=== WHAT YOU ARE ASKED TO DO ===
From the records below, extract only the lines running from the line with "Premium Wall Painting" to the line with "Thermobecher 20oz Edelstahl", both lines included, reproducing them exactly.

=== THE RECORDS ===
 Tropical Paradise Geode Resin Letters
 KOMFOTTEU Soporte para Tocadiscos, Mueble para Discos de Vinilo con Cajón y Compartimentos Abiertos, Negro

---

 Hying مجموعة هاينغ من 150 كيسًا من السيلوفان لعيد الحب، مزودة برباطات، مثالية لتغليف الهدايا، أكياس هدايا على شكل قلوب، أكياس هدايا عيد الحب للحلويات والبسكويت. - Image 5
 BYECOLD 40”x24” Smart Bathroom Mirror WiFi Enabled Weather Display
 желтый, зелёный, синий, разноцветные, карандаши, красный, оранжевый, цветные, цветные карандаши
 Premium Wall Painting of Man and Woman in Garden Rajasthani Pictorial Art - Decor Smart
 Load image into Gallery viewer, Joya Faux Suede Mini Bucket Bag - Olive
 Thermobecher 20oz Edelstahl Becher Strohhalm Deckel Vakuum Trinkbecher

=== RESULT FOR THIS TASK ===
 Premium Wall Painting of Man and Woman in Garden Rajasthani Pictorial Art - Decor Smart
 Load image into Gallery viewer, Joya Faux Suede Mini Bucket Bag - Olive
 Thermobecher 20oz Edelstahl Becher Strohhalm Deckel Vakuum Trinkbecher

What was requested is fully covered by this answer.